What will be an ideal response?

After the Normans effectively pushed the Muslims out of the Mediterranean Sea, life began to settle in Europe and people enjoyed some degree of security. In this atmosphere, religious idealism gave way to the Crusades. The Byzantine emperor had pressed the Catholic Church to aid in delivering the East from the Muslim Turks, who were threatening the Byzantine Empire and denying Christian pilgrims access to the Holy Land. Following a fiery sermon by Pope Urban II in 1095, thousands of laymen and clergy "took up the Cross" and marched across Europe to the Byzantine East. Well before reaching their destination, a combination of avarice and religious fervor inspired some of the Crusaders to plunder the cities along the Rhine, robbing and murdering all "enemies" of Christ. It soon became apparent that the material benefits of the Crusades outweighed the spiritual ones. Aside from such economic advantages as those enjoyed by individual Crusaders and the Italian city-states, the gains made by the seven major Crusades were slight.

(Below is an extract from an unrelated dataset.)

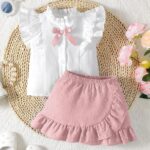 QUNERY Toddler Baby Girl Clothes Ruffle Sleeve Tops Swiss Dot Skirt Infant Summer Outfits - Image 2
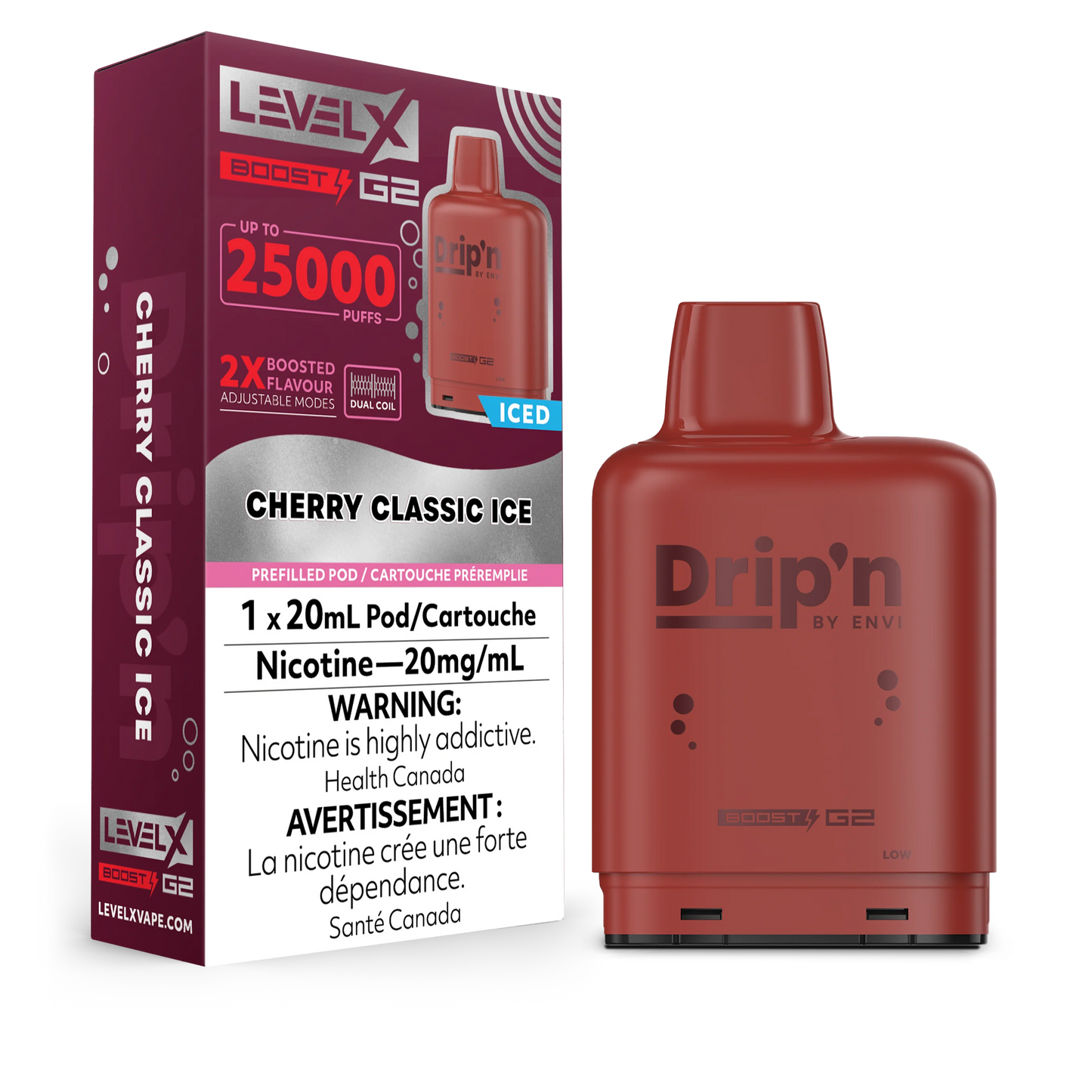 LEVEL X DRIP’N BOOST G2 25K CHERRY CLASSIC ICE 20MG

By 1291, all recaptured lands, including the city of Jerusalem, were lost again to the Muslims.
Despite their failure as religious ventures, the Crusades had enormous consequences for the West: the revival of trade between East and West enhanced European commercial life, encouraging the rise of towns and bringing great wealth to the Italian cities of Venice, Genoa, and Pisa, which would lead to the Italian Renaissance. Political power in the embryonic nation-states of England and France were consolidated and centralized. Further, renewed contact with Byzantium promoted an atmosphere of commercial and cultural exchange that had not existed since Roman times. Luxury goods, such as saffron, citrus, silks, and damasks, entered Western Europe, as well as all of the Arabic translations of Greek manuscripts and influential Islamic literature.